Recorded information ▸
┏━━

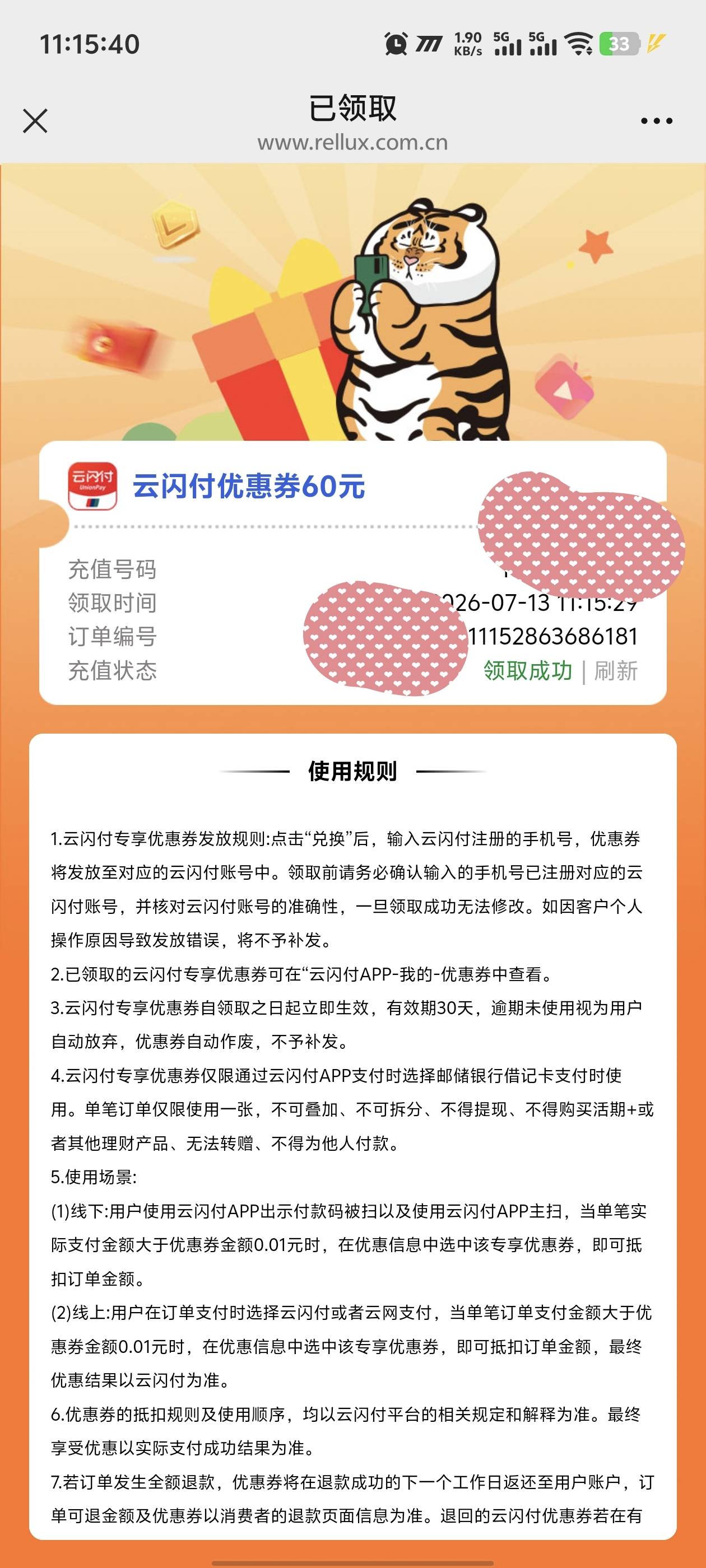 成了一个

┗━━
┏━━

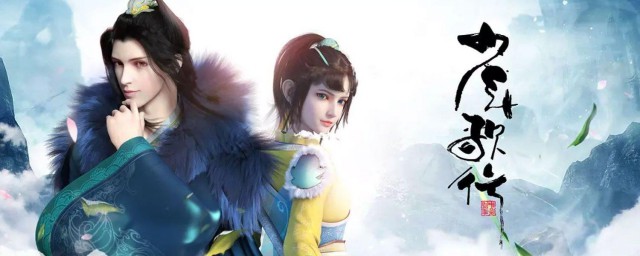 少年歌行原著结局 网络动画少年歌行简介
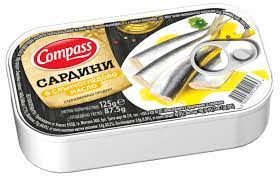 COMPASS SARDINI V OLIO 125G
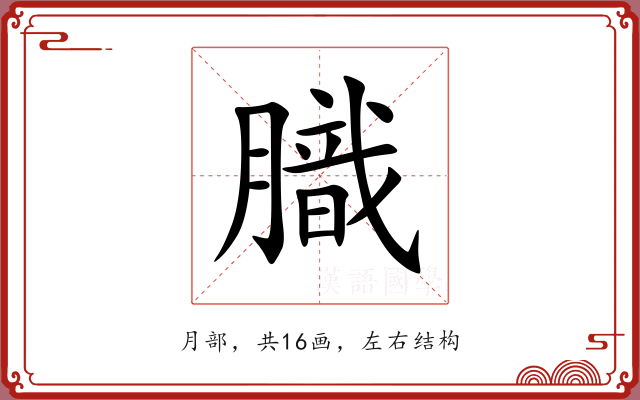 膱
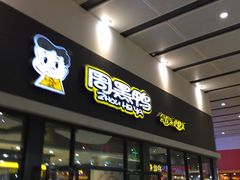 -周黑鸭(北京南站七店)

┗━━

The task ▸ Starting at the line that contains "少年歌行原著结局 网络动画少年歌行简介" and ending at the line that contains "-周黑鸭(北京南站七店)", transcribe the material above exactly, excluding pictures.

Finished exercise ▸
 少年歌行原著结局 网络动画少年歌行简介
 COMPASS SARDINI V OLIO 125G
 膱
 -周黑鸭(北京南站七店)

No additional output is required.